Rodrigo Cisternas a 10 años de su muerte

Por: Esteban Miranda 

En la Provincia de Arauco, no hay muchas oportunidades de trabajo; así una gran parte de la población ve en el ingreso a la industria forestal la única salida para poder sobrevivir. Hace 10 años la Provincia se encontraba en un estado de agitación extrema. Más de 5000 trabajadores de la Empresa Bosques Arauco –propiedad del Grupo Angelini- se habían lanzado a la huelga, hartos de los salarios de hambre, que una de las ramas económicas más importantes del país, les entrega a cambio de la venta de su fuerza de trabajo. Muchos no percibían más de $60.000 de sueldos base. Además de la cuestión salarial, la movilización hacia hincapié en la necesidad de no hacer distinción de ningún tipo entre trabajador@s de planta y subcontratados, una demanda central que hoy con más fuerza que en aquel entonces, es impulsada por las fracciones más activas del nuevo movimiento obrero que empieza a emerger.

En aquella gran huelga, luego de más de un mes de diversas movilizaciones y la implementación de variadas formas de presión, el día 3 de mayo unos 2000 trabajadores tomaron la determinación de cortar la ruta que une Concepción con Arauco a la altura de la Planta Celulosa Horcones, en Laraquete.

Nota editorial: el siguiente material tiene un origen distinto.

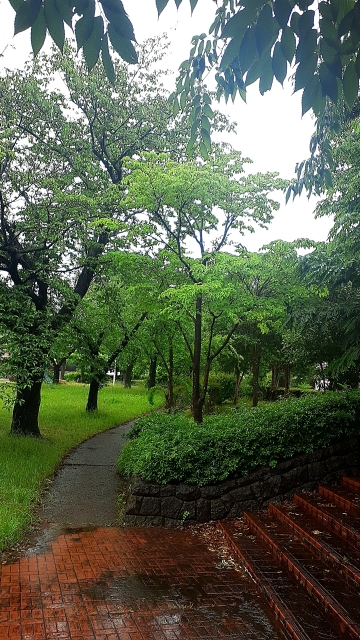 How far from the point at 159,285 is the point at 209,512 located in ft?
16.4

Luego de más de 5 horas de bloqueo, Carabineros arremetió con fuerza, con la intención de despejar la ruta a como diera lugar, produciéndose violentos choques con los huelguistas, que no estaban dispuestos a ceder ni un metro de la carretera. Para lograr su objetivo, las fuerzas represivas no escatimaron en recursos,  atacando incluso los automóviles de los trabajadores forestales estacionados en el lugar. En medio de los brutales enfrentamientos entre los obreros y las Fuerzas Especiales de Carabineros –incluso cuerpo a cuerpo-, Rodrigo Cisterna, un joven obrero de 26 años toma la decisión de subirse a un cargador frontal y arremeter contra los vehículos de la policía, volcando varios de ellos. Fue en ese momento, cuando varios efectivos policiales descargaron numerosas ráfagas de disparos, quitándole la vida instantáneamente. Más de 100 balas salieron de las armas de la represión. Por si esto fuera poco, 4 operarios más habían sido heridos por el plomo policial y un quinto trabajador perdió su ojo izquierdo. Otros 6 huelguistas fueron detenidos en el lugar y apaleados salvajemente por la enloquecida policía.

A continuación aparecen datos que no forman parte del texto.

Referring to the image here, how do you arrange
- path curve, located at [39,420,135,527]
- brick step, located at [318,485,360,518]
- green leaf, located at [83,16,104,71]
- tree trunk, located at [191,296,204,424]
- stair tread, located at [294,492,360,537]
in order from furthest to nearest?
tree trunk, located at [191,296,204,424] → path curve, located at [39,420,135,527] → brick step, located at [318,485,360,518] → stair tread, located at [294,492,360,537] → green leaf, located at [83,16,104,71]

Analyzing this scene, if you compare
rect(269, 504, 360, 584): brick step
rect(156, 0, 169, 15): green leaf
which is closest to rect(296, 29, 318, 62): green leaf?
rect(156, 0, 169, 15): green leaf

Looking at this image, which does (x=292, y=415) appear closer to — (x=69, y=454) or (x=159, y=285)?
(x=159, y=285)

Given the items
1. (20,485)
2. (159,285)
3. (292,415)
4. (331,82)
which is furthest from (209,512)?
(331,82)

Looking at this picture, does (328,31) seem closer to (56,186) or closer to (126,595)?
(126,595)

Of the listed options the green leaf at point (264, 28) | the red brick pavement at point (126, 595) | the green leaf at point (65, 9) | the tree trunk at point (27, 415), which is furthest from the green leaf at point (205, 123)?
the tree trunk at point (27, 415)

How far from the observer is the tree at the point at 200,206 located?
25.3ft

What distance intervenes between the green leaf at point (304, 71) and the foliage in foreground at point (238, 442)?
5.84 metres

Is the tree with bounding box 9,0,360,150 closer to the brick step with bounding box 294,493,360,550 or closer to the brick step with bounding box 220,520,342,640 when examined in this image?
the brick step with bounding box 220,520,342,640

Al funeral realizado en Curanilahue, asistieron más de 25.000 personas, provenientes de todos los puntos de la región. El último adiós a Rodrigo estuvo marcado por una mezcla entre dolor, impotencia, indignación y rabia contra la empresa, Carabineros y el Estado chileno (cuya presidencia en aquel entonces estaba bajo el mando de Michelle Bachelet) que avalaba sin tapujos el accionar policial.

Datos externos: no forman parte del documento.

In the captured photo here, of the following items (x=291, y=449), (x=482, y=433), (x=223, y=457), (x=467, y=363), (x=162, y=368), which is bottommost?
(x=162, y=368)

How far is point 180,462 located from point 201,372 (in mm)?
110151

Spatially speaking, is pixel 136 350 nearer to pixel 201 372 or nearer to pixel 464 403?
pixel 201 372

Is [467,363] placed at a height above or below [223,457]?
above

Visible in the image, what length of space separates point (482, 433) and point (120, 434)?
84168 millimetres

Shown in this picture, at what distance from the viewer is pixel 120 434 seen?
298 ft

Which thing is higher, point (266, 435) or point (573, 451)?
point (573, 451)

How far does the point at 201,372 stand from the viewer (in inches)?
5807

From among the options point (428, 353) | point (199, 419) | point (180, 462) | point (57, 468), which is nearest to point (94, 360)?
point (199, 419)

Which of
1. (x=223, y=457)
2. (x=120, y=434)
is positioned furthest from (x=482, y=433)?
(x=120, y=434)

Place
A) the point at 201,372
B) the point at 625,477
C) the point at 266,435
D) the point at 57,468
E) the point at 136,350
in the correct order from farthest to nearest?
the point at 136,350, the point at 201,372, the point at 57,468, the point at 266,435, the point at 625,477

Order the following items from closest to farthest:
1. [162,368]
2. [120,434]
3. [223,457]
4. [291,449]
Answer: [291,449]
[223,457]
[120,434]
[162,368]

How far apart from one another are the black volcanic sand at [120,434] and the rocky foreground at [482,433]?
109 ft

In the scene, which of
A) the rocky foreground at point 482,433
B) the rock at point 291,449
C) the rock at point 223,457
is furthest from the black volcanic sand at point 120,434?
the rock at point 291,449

En el mes de abril del año 2013, el Primer Juzgado Civil de la ciudad de Concepción, determinó que era responsabilidad policial y del Estado Chileno este crimen de clase. En consecuencia, ordenó que el fisco debía cancelar una indemnización de $30.000.000 a la viuda de Rodrigo y su hijo, $10.000.000 a cada uno de los cuatro heridos a bala en la jornada lucha y $20.000.000 para el trabajador que perdió su ojo. Más allá de las altas cifras de dinero, al fin se logró “acreditar legalmente” la absoluta responsabilidad de la policía en los hechos de violencia ocurridos aquella noche.

Rodrigo Cisterna, así como muchas y muchos otros militantes populares asesinados, vivirá por siempre en el corazón del pueblo trabajador que lucha por construir una sociedad digna y libre para las grandes mayorías expoliadas por el capital, el empresariado y el Estado.